Data supplied:
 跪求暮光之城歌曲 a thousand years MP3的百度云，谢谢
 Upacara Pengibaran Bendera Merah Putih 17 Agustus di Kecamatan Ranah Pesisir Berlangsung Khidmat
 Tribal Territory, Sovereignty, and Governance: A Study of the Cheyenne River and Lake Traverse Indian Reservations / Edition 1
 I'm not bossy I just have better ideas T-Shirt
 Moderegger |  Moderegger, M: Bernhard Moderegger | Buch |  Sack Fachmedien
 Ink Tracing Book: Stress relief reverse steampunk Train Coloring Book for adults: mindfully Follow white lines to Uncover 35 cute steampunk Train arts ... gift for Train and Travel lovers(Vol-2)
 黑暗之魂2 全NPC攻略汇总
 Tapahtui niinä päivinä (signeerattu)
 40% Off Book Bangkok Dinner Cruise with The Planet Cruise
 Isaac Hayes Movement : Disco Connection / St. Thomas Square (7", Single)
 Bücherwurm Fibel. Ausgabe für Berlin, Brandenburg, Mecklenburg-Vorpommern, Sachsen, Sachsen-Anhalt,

--

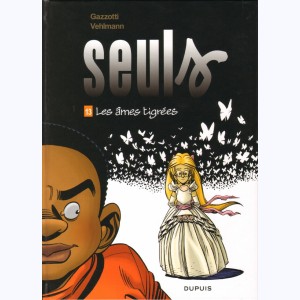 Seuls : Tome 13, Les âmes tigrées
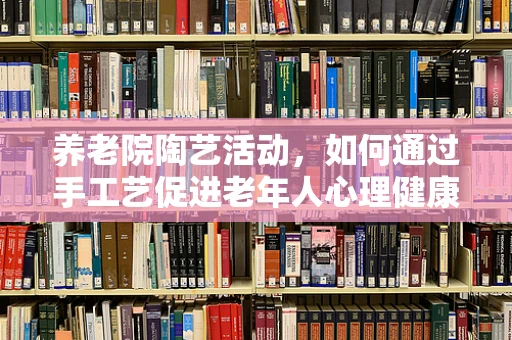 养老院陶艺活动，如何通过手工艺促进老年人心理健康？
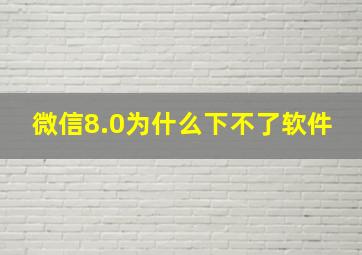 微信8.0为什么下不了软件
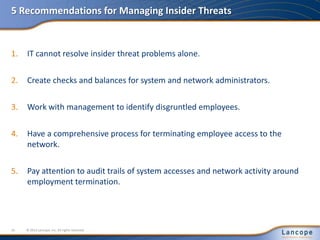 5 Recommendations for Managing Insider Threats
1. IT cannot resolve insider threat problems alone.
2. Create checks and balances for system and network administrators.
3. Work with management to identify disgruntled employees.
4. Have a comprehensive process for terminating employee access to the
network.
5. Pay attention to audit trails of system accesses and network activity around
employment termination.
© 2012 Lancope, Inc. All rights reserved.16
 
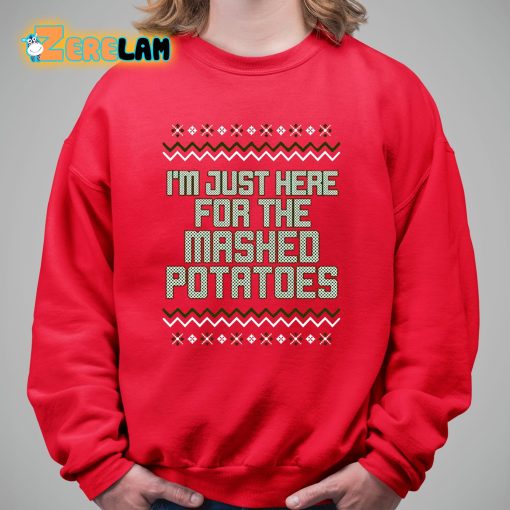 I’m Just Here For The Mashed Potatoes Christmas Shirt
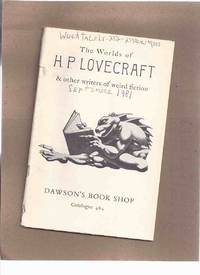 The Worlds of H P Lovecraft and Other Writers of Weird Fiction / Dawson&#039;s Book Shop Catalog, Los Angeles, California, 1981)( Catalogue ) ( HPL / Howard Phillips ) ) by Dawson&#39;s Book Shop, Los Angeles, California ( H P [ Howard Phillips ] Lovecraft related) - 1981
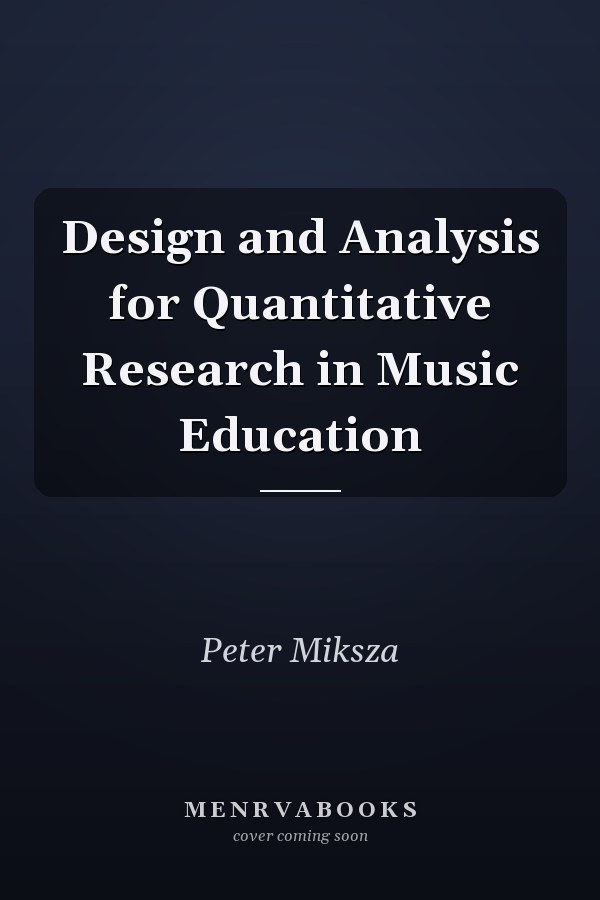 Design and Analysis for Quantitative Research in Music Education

Your objective: In how many lines of the records does the word "system" appear? Give the number alone.

Solution for this problem: 2